Just last week, Gov. Jerry Brown off-handedly criticized legislators for approving the loophole to out-of-state corporations without understanding the full implications. But Senate Leader Darrell Steinberg, D-Sacramento, begged to differ, saying he understood perfectly well that he was sending $1 billion out of the state.

It was just that Republicans “had a gun to our heads” as Democrats sought desperately to pass the tax hike Steinberg said.

Ma had an entirely different spin in attempting to explain legislators’ acquiescence to the deal.

The bill was “drafted incorrectly,” she said with a stunning finality. Rather than requiring all corporations to pay taxes based on their sales under a “mandatory single sales factor,” Ma said, legislators simply made a mistake in making tax calculations elective for the out-of-state corporations.
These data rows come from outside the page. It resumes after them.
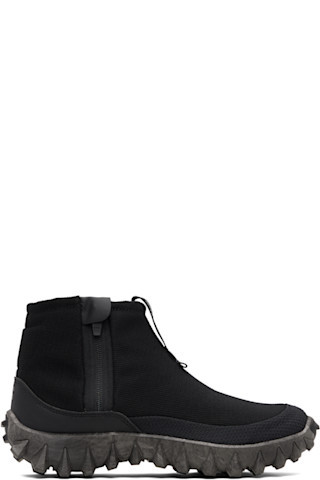 Black Snowclog Mid High Top Sneakers | SSENSE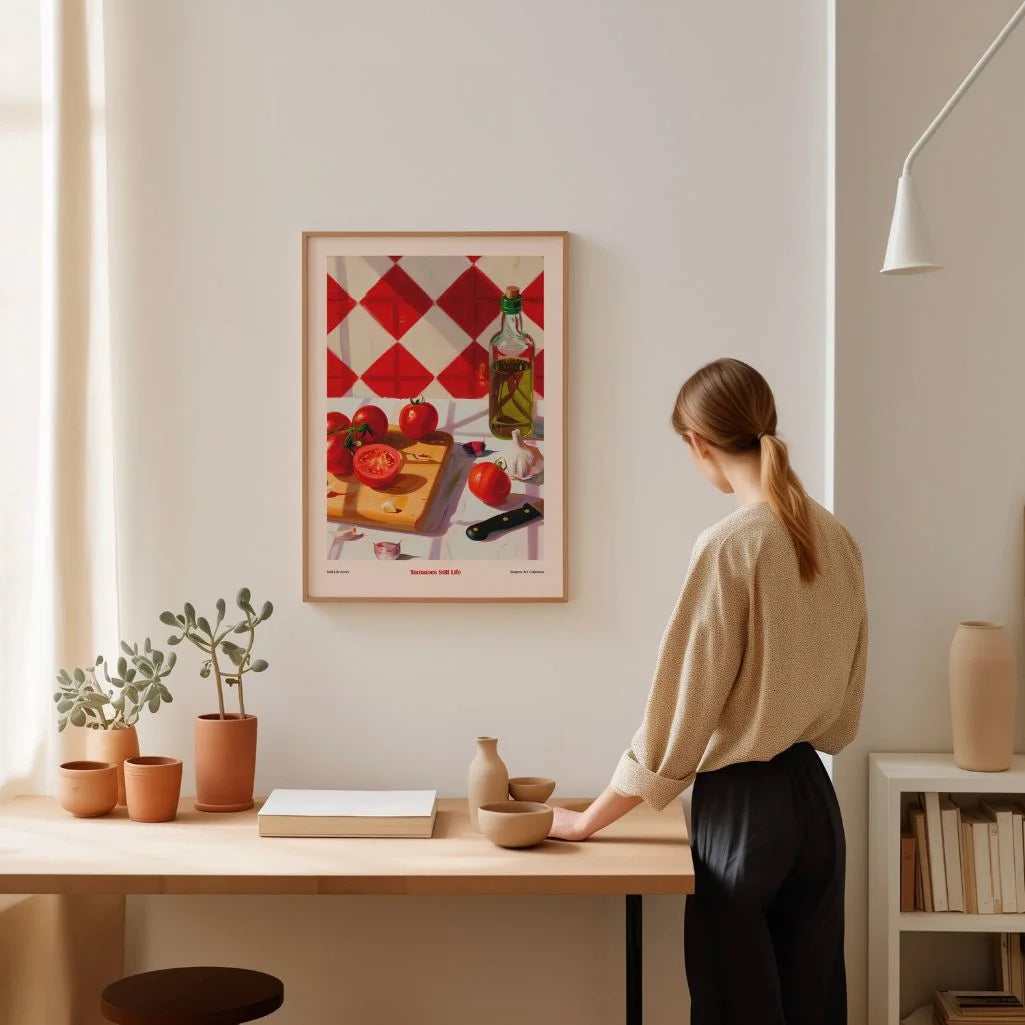 Tomato Still Life Poster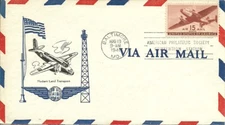 FDC C28 - 15¢ Plane - 8/19/1941 - Baltimore, MD - Cachet Craft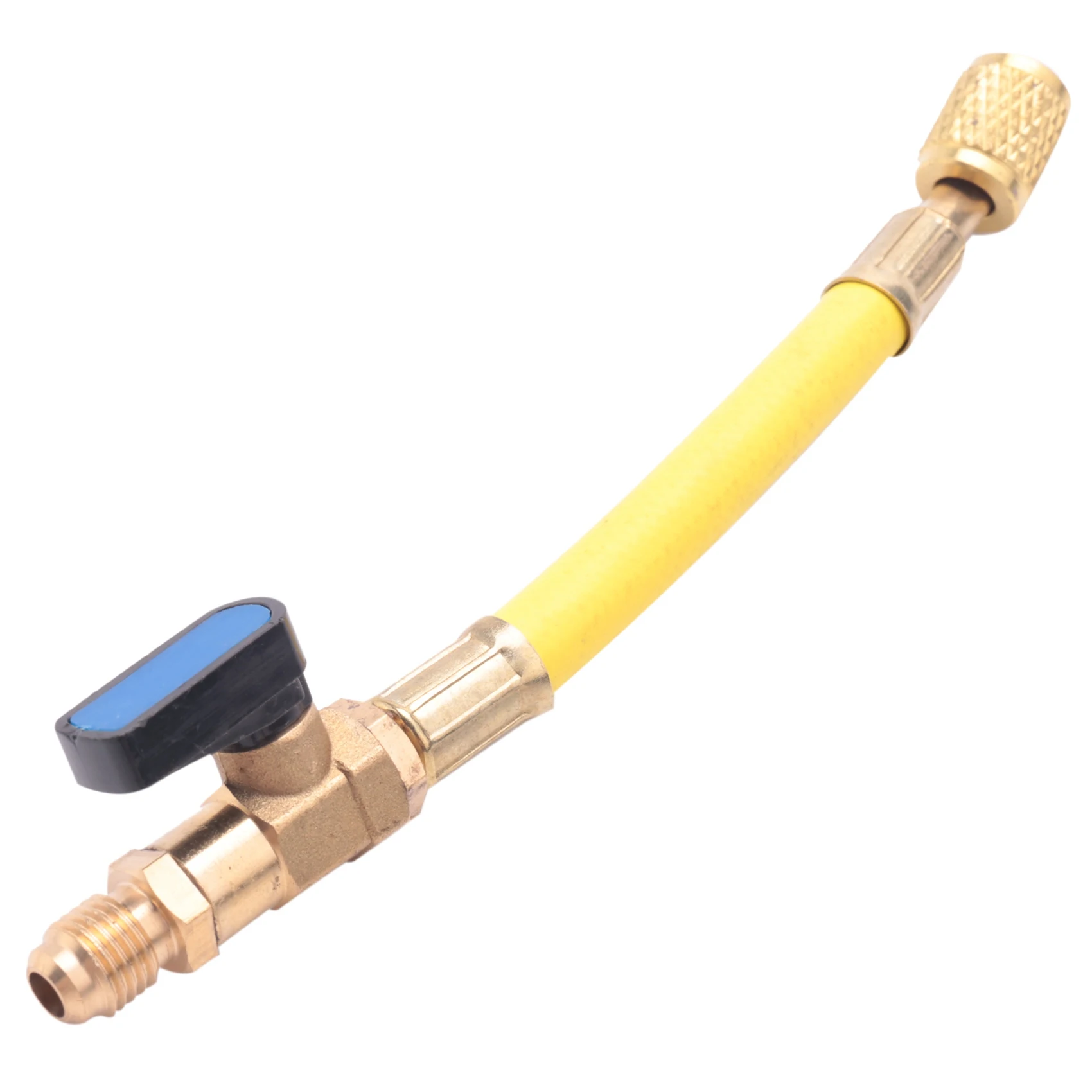 Classy-3Pcs R134A R410A R22 R12 800 Psi Manifold Gauge Set A/C Refrigeration Charging Hose High Pressure Hvac Refrigerant Chargi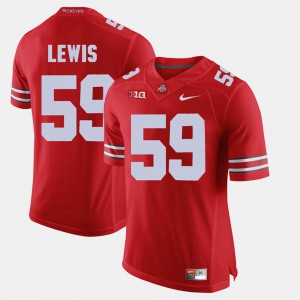 For Men Ohio State #59 Tyquan Lewis Scarlet Alumni Football Game Jersey 666454-502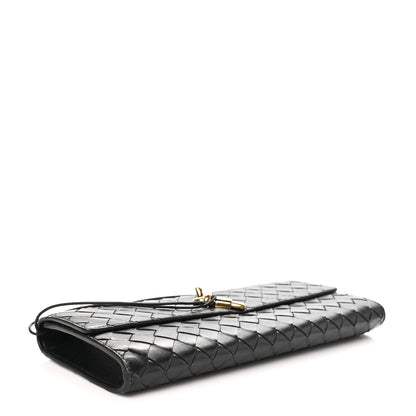 Bottega Veneta Nappa Intrecciato Long Andiamo Top Handle Clutch Black 4 of 7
When asked by a member of the Capitol press corps if she was saying she didn’t know what she was voting for, Brown came to the rescue. Sort of.

“I want to step in here,” Brown interjected. “Trying to discern the motives of those legislator who created this is a fool’s errand because they all have a different story.

“I have my own story, my own thoughts, but it’s speculative. … If anybody else can figure out why they did it or if they understood it and what they meant by saying they understood it and what kind of understanding they brought to bear on it,” go ahead and try.

Steven Harmon

  • Rick K.

    This is a priceless anecdote about Sacramento and why our state government is such a mess. Our “lawmakers” don’t know the first thing about what they’re voting on, as Assemblywoman Ma so inelegantly admitted. Most legislators are nothing more than puppets of the special interests that helped them win their first primary elections. Most of our “veteran” legislators in the Legislature and Congress are incompetent political hacks who keep getting re-elected mostly because of name recognition sustained by campaign donations from those special interests. Most of them need to be purged from public office into oblivion. Ma has already proven herself an airhead time and again. She’s the “water girl” for the billboard industry, to name one example. A few years ago Ma persuaded the Assembly to pass her bill to convert thousands of billboards into electronic message boards based on her flimsy rationale that the billboard companies might voluntarily place emergency information on them during emergencies. Fortunately, her bill was stopped in the Senate only after the S.F. Chronicle led a campaign against it. Let’s hope that her political career ends once she is “termed out” of the Assembly.

  • Elwood

    What Rick K. said, although I’m not sure Ma is any worse than the rest of those losers.

    They should all be ridden out of Sacto. on a rail and forced to find gainful employment commensurate with their qualifications, such as pumping out septic tanks.